§ **Work to be completed**: Write down the lines exactly as they appear, from the one that contains "FENDI Zucca Baguette" through the final line of the records, so that both ends are kept and no pictures come along.

*** Materials provided Section Begins ***

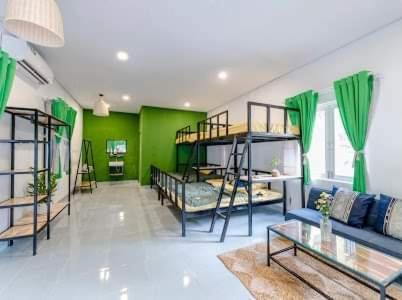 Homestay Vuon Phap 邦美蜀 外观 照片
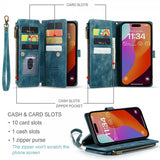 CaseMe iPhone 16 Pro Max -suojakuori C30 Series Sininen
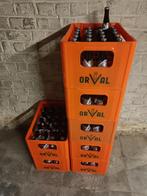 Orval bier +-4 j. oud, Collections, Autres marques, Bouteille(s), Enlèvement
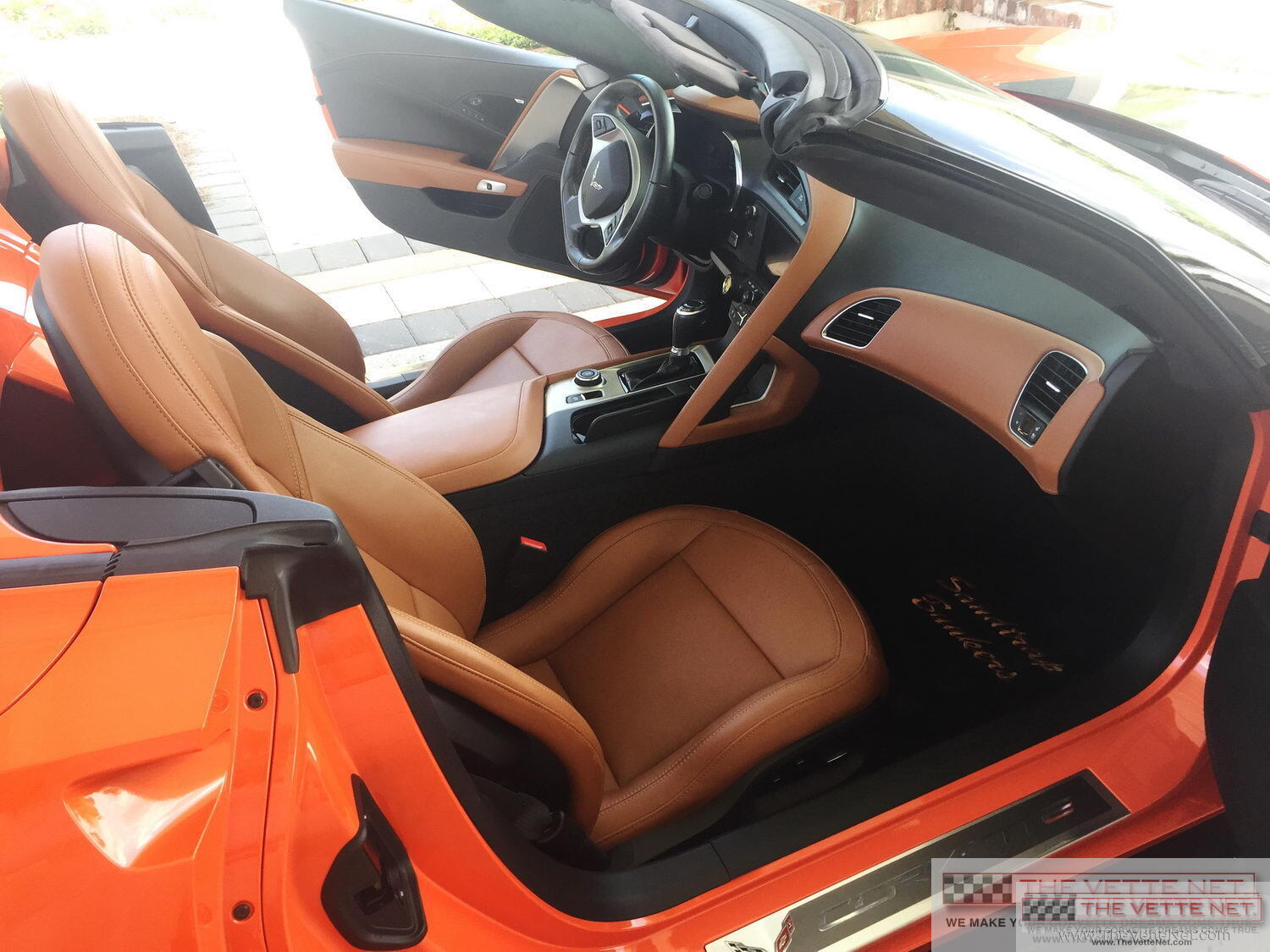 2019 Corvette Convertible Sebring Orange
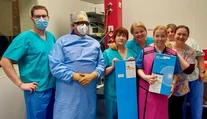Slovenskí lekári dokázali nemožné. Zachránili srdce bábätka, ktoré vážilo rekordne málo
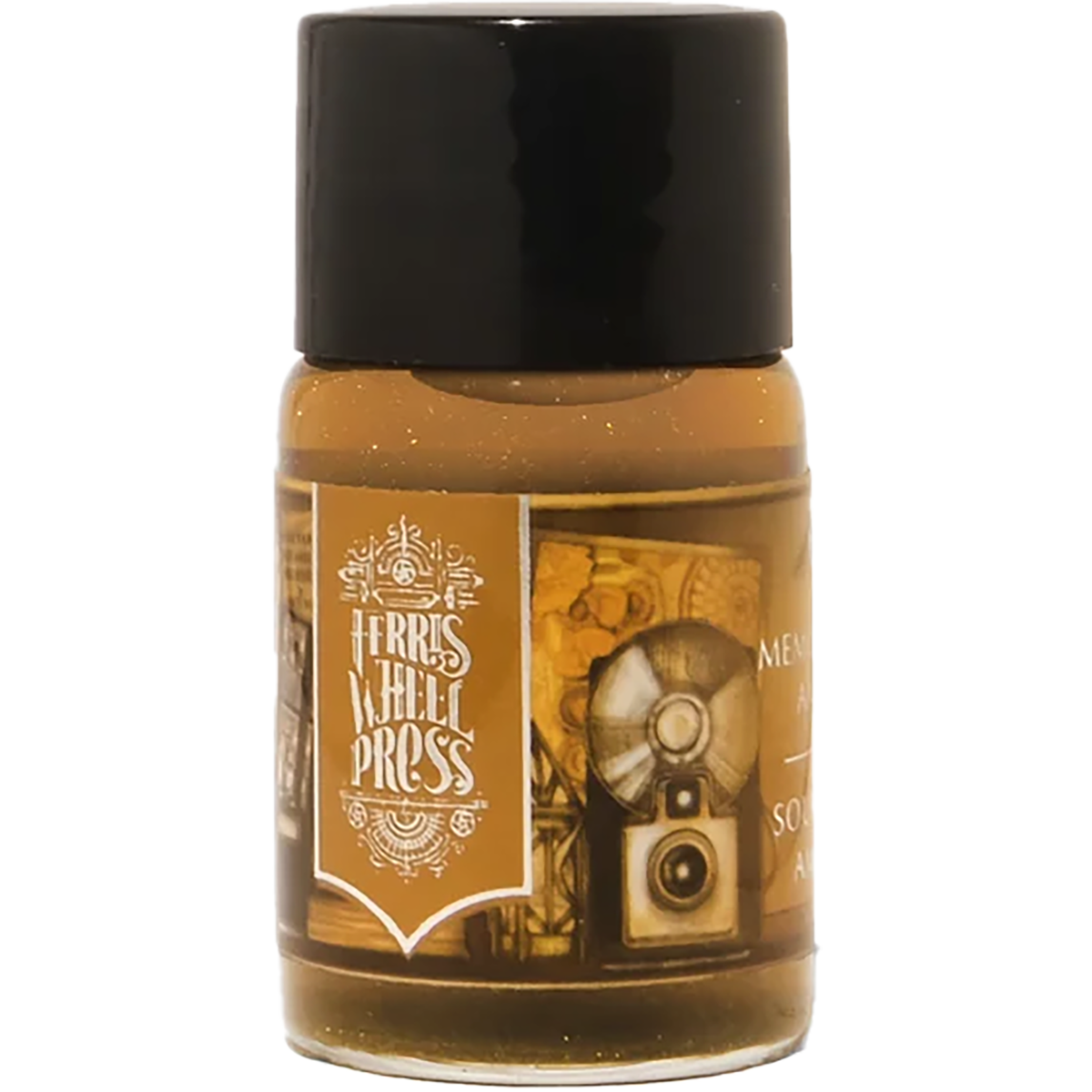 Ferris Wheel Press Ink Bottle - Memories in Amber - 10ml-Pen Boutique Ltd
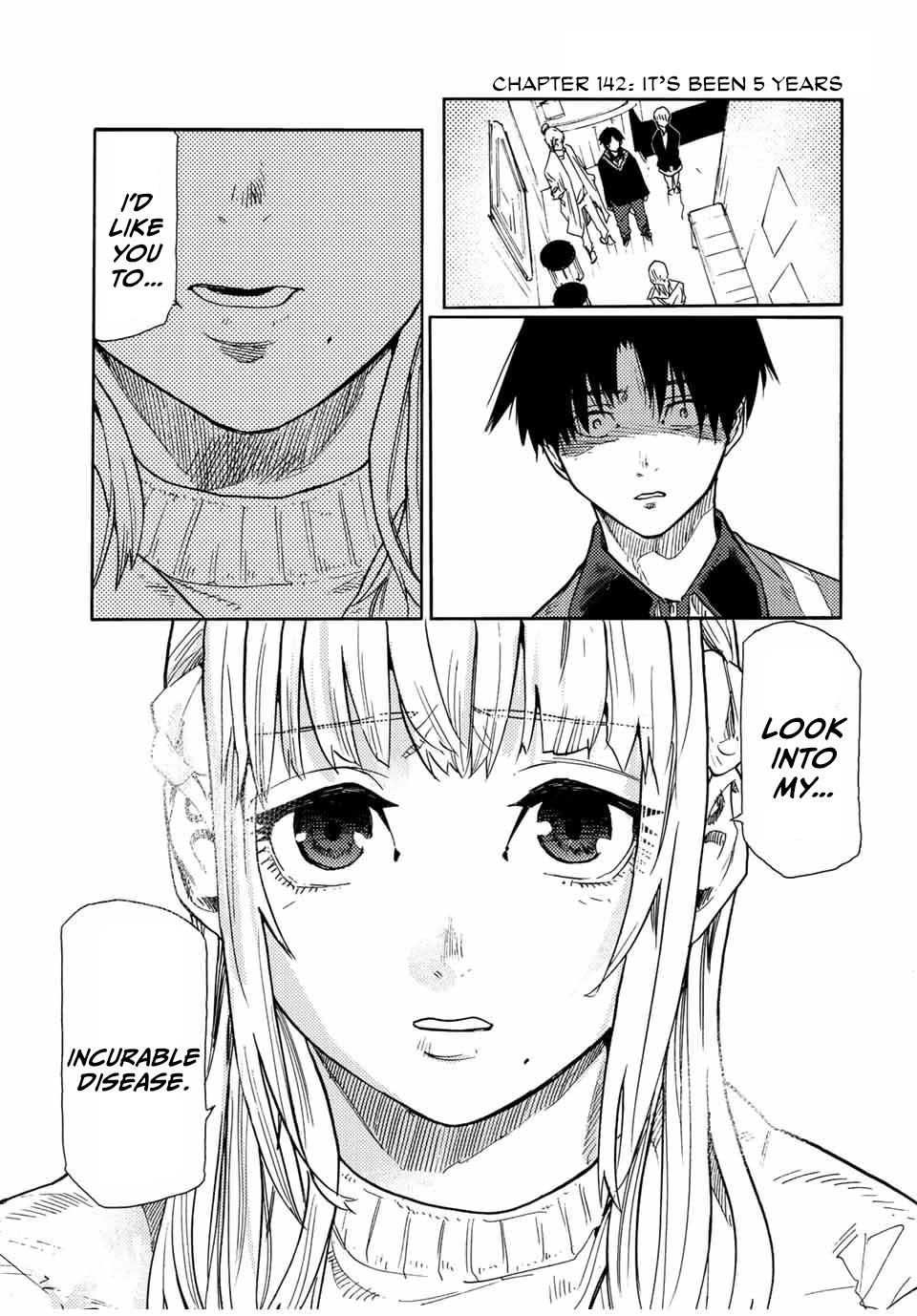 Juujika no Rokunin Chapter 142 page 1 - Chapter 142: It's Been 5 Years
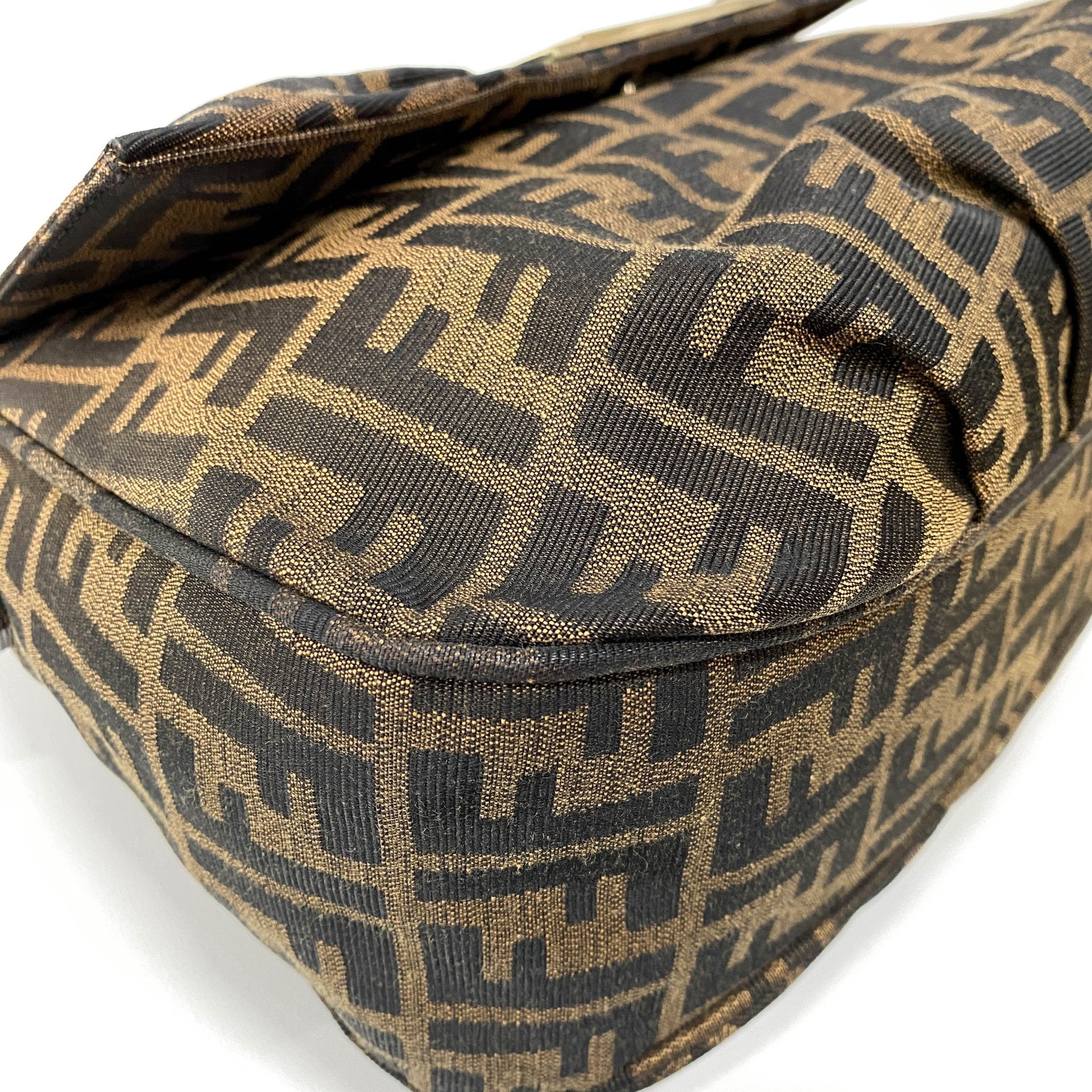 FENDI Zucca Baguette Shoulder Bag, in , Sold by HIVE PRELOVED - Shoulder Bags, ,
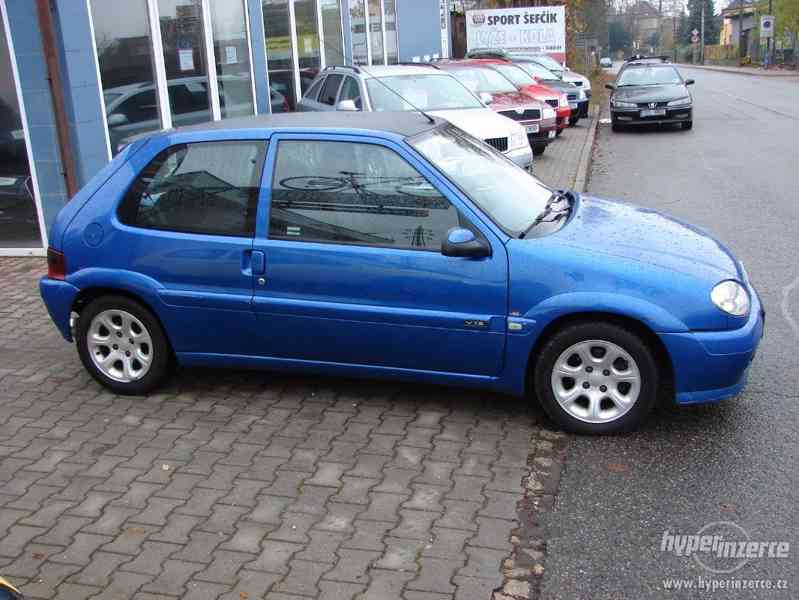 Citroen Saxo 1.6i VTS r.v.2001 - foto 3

*** Materials provided Section Ends ***

§ **Problem solution**:
 FENDI Zucca Baguette Shoulder Bag, in , Sold by HIVE PRELOVED - Shoulder Bags, ,
 Citroen Saxo 1.6i VTS r.v.2001 - foto 3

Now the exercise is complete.